[Task objective] In the listing below, find the line containing "Galaxy Purple 2PCS" and the line containing "Lit coffre rembourré". Repeat exactly those two lines and every line between them, nothing more.

[The records]
========================================================================

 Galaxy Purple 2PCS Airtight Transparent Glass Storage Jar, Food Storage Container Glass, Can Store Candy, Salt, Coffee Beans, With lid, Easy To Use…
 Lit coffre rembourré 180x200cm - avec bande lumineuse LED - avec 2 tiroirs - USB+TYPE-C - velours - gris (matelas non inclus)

========================================================================

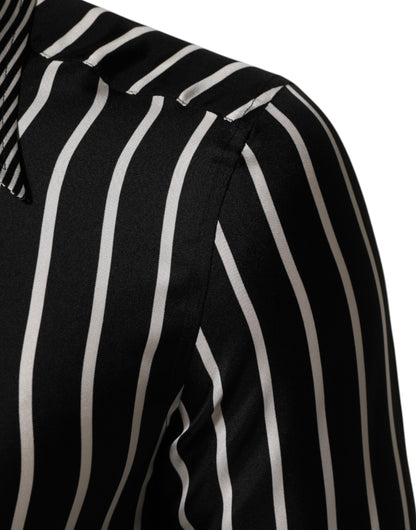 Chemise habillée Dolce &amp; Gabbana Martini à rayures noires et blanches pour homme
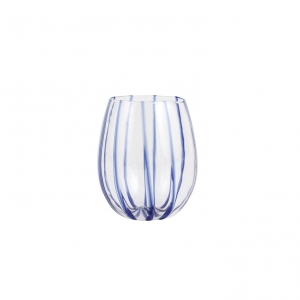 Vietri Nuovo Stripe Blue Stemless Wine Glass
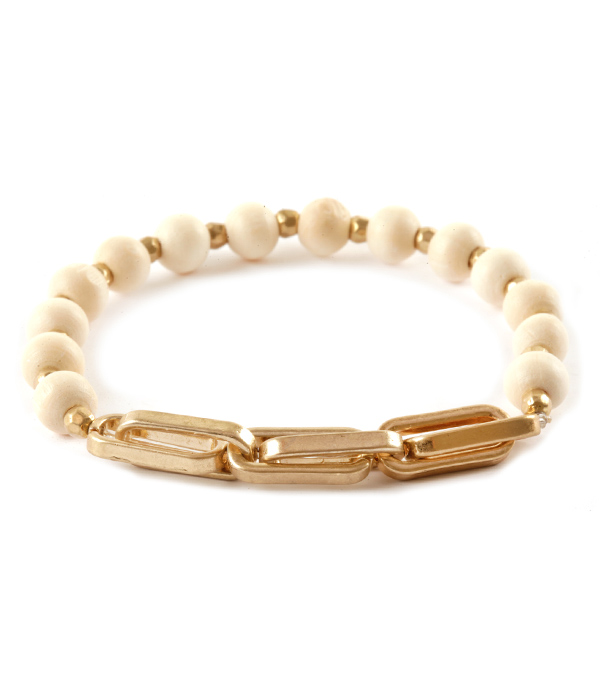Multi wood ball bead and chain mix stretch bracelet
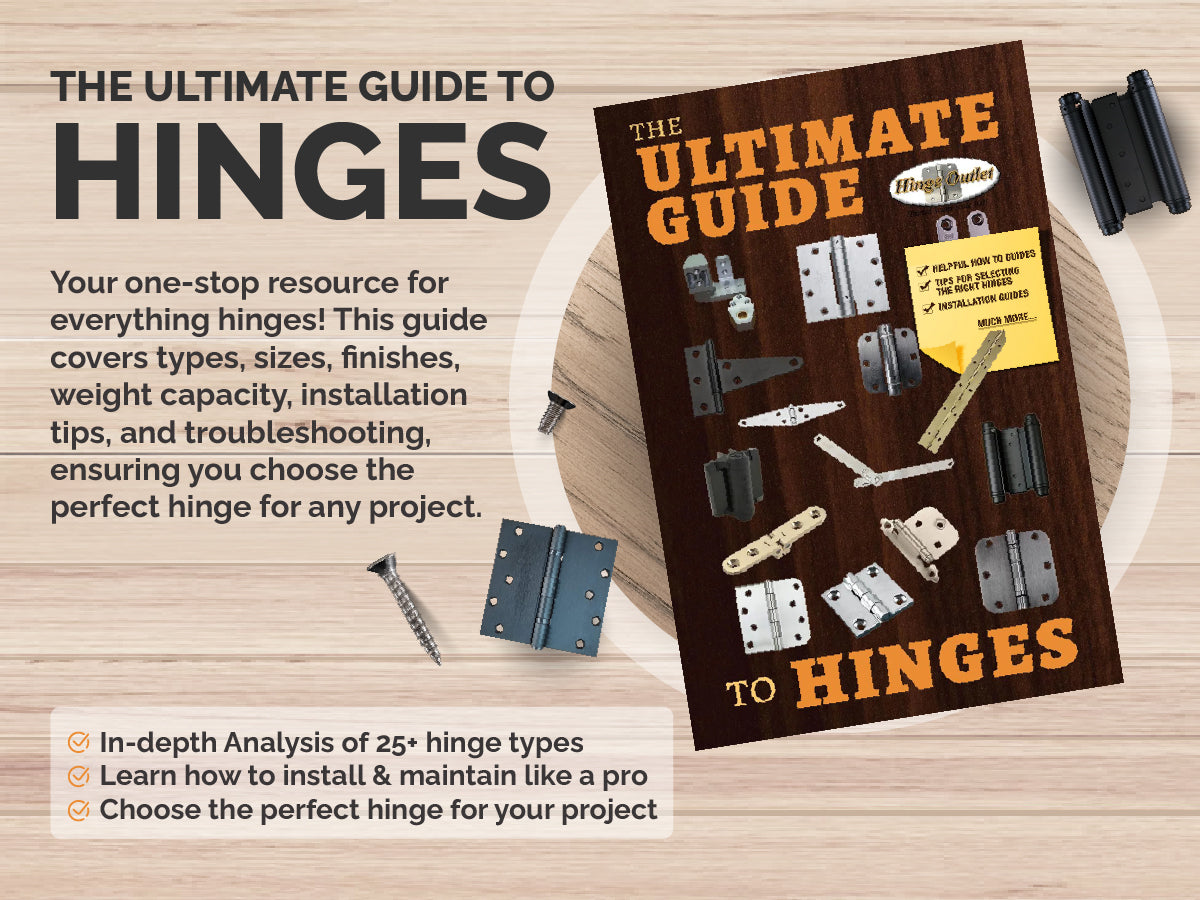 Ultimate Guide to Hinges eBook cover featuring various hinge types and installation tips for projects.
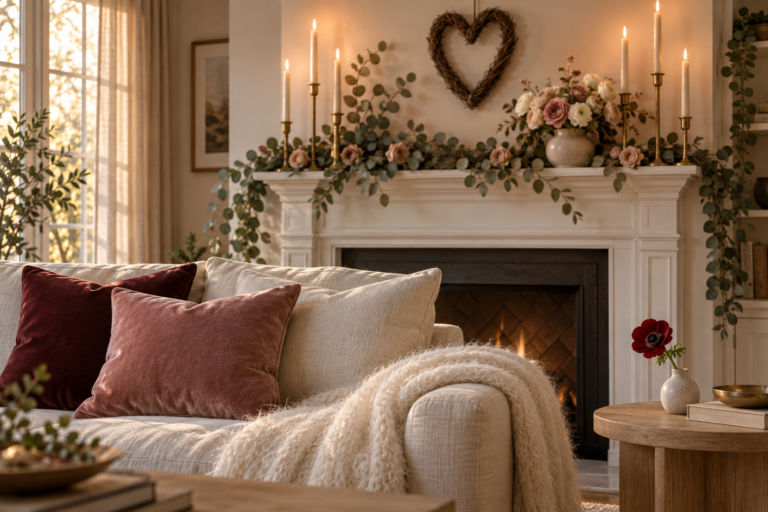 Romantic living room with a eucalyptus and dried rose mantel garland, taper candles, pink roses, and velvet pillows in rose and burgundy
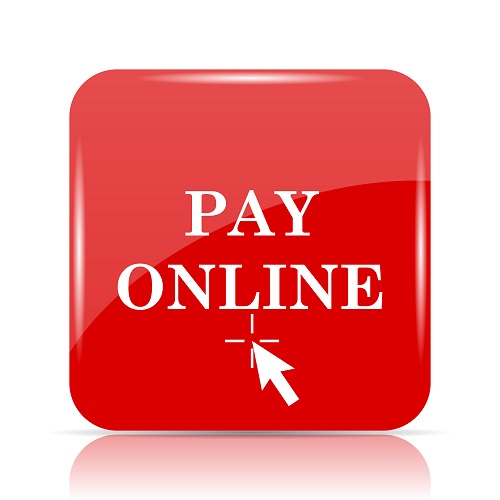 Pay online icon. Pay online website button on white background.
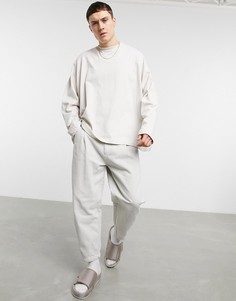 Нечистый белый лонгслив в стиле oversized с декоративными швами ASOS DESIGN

========================================================================

[Your response]
 Galaxy Purple 2PCS Airtight Transparent Glass Storage Jar, Food Storage Container Glass, Can Store Candy, Salt, Coffee Beans, With lid, Easy To Use…
 Lit coffre rembourré 180x200cm - avec bande lumineuse LED - avec 2 tiroirs - USB+TYPE-C - velours - gris (matelas non inclus)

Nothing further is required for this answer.